Date of Conferral



Doctor of Education (Ed.D.)




Derek Schroll


Education reform in schools has focused on inclusion of all students in general education environments and accountability measures. Students with cognitive impairments are mandated to participate in standards-based alternate assessments. Special education teachers in a school district in a southeastern state in this study have been faced with the challenge of implementing these assessments. A bounded case study design was used to examine their perceptions of the use of standards-based alternate assessments for students with cognitive impairments. Guiding research questions focused on the nature and process of implementing alternate assessments. Resistance to change was the conceptual framework.
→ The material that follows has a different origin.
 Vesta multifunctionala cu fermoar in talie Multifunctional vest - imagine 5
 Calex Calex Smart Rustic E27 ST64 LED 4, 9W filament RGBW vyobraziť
The bounded case included 3 elementary, 1 middle school, and 4 high school special education teachers who have taught students with mild to moderate cognitive disabilities in self-contained classrooms in the district. Teachers were interviewed and data were coded and analyzed for common themes. Results included implementation concerns such as time for administration, scoring issues, lack of usefulness of assessment results, inappropriate expectations for performance, and lack of validity of assessments for cognitively impaired students. Recommendations included decision makers' reconsideration of the procedures for implementation and establishing validity and usefulness of standards-based alternate assessments. Findings in this study reflected teachers' resistance to change, but were informative in providing local decision makers with an opportunity for social change that includes examination of where current policy fails to accommodate students with cognitive impairments and creation of appropriate policy and assessments that actually benefit those students.